═════ Provided entries

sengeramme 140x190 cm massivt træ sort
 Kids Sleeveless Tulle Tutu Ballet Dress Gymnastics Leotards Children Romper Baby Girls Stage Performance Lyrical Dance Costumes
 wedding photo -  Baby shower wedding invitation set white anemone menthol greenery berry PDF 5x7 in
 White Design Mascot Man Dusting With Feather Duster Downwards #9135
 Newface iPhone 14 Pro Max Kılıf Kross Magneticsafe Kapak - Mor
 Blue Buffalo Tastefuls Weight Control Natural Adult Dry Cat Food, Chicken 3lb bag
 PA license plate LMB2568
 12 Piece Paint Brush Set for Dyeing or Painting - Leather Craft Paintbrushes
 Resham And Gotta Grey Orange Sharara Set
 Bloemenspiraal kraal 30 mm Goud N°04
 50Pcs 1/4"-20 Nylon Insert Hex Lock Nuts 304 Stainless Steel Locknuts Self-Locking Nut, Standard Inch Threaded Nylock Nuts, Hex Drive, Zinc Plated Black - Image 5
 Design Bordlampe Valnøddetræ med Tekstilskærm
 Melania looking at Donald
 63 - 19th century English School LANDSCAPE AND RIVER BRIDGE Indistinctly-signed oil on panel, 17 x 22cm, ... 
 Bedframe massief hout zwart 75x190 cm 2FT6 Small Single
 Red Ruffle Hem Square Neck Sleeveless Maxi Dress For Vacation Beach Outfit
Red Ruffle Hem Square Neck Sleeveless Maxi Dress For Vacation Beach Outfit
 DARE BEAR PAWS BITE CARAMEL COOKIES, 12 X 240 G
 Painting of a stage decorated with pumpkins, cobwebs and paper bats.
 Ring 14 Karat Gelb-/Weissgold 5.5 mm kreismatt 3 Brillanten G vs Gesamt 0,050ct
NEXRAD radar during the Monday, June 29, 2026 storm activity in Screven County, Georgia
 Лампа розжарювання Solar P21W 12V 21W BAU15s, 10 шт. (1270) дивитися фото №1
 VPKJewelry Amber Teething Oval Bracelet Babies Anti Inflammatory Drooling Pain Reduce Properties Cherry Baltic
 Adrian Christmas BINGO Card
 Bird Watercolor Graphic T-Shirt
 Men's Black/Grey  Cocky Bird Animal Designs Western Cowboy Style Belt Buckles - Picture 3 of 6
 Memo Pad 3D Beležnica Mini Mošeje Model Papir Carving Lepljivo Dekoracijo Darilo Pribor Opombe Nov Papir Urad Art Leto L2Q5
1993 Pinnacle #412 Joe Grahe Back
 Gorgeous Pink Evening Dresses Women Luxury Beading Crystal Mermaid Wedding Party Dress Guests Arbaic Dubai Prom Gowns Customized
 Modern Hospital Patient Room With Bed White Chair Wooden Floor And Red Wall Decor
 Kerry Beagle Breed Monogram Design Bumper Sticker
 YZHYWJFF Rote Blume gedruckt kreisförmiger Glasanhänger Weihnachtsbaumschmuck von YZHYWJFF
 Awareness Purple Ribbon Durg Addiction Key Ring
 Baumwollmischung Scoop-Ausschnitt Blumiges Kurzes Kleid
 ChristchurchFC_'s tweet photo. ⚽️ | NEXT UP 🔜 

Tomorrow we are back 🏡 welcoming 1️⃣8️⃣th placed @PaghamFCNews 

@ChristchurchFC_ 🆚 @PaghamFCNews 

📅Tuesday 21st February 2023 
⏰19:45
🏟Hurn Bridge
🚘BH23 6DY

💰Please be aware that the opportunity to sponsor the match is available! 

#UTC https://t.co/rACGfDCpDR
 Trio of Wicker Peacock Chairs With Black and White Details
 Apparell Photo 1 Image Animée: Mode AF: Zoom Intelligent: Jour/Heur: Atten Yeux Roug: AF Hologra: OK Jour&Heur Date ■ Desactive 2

══════════

Description of the task: Please reproduce the material above exactly, line by line.

Answer for the task:
sengeramme 140x190 cm massivt træ sort
 Kids Sleeveless Tulle Tutu Ballet Dress Gymnastics Leotards Children Romper Baby Girls Stage Performance Lyrical Dance Costumes
 wedding photo -  Baby shower wedding invitation set white anemone menthol greenery berry PDF 5x7 in
 White Design Mascot Man Dusting With Feather Duster Downwards #9135
 Newface iPhone 14 Pro Max Kılıf Kross Magneticsafe Kapak - Mor
 Blue Buffalo Tastefuls Weight Control Natural Adult Dry Cat Food, Chicken 3lb bag
 PA license plate LMB2568
 12 Piece Paint Brush Set for Dyeing or Painting - Leather Craft Paintbrushes
 Resham And Gotta Grey Orange Sharara Set
 Bloemenspiraal kraal 30 mm Goud N°04
 50Pcs 1/4"-20 Nylon Insert Hex Lock Nuts 304 Stainless Steel Locknuts Self-Locking Nut, Standard Inch Threaded Nylock Nuts, Hex Drive, Zinc Plated Black - Image 5
 Design Bordlampe Valnøddetræ med Tekstilskærm
 Melania looking at Donald
 63 - 19th century English School LANDSCAPE AND RIVER BRIDGE Indistinctly-signed oil on panel, 17 x 22cm, ... 
 Bedframe massief hout zwart 75x190 cm 2FT6 Small Single
 Red Ruffle Hem Square Neck Sleeveless Maxi Dress For Vacation Beach Outfit
Red Ruffle Hem Square Neck Sleeveless Maxi Dress For Vacation Beach Outfit
 DARE BEAR PAWS BITE CARAMEL COOKIES, 12 X 240 G
 Painting of a stage decorated with pumpkins, cobwebs and paper bats.
 Ring 14 Karat Gelb-/Weissgold 5.5 mm kreismatt 3 Brillanten G vs Gesamt 0,050ct
NEXRAD radar during the Monday, June 29, 2026 storm activity in Screven County, Georgia
 Лампа розжарювання Solar P21W 12V 21W BAU15s, 10 шт. (1270) дивитися фото №1
 VPKJewelry Amber Teething Oval Bracelet Babies Anti Inflammatory Drooling Pain Reduce Properties Cherry Baltic
 Adrian Christmas BINGO Card
 Bird Watercolor Graphic T-Shirt
 Men's Black/Grey  Cocky Bird Animal Designs Western Cowboy Style Belt Buckles - Picture 3 of 6
 Memo Pad 3D Beležnica Mini Mošeje Model Papir Carving Lepljivo Dekoracijo Darilo Pribor Opombe Nov Papir Urad Art Leto L2Q5
1993 Pinnacle #412 Joe Grahe Back
 Gorgeous Pink Evening Dresses Women Luxury Beading Crystal Mermaid Wedding Party Dress Guests Arbaic Dubai Prom Gowns Customized
 Modern Hospital Patient Room With Bed White Chair Wooden Floor And Red Wall Decor
 Kerry Beagle Breed Monogram Design Bumper Sticker
 YZHYWJFF Rote Blume gedruckt kreisförmiger Glasanhänger Weihnachtsbaumschmuck von YZHYWJFF
 Awareness Purple Ribbon Durg Addiction Key Ring
 Baumwollmischung Scoop-Ausschnitt Blumiges Kurzes Kleid
 ChristchurchFC_'s tweet photo. ⚽️ | NEXT UP 🔜 

Tomorrow we are back 🏡 welcoming 1️⃣8️⃣th placed @PaghamFCNews 

@ChristchurchFC_ 🆚 @PaghamFCNews 

📅Tuesday 21st February 2023 
⏰19:45
🏟Hurn Bridge
🚘BH23 6DY

💰Please be aware that the opportunity to sponsor the match is available! 

#UTC https://t.co/rACGfDCpDR
 Trio of Wicker Peacock Chairs With Black and White Details
 Apparell Photo 1 Image Animée: Mode AF: Zoom Intelligent: Jour/Heur: Atten Yeux Roug: AF Hologra: OK Jour&Heur Date ■ Desactive 2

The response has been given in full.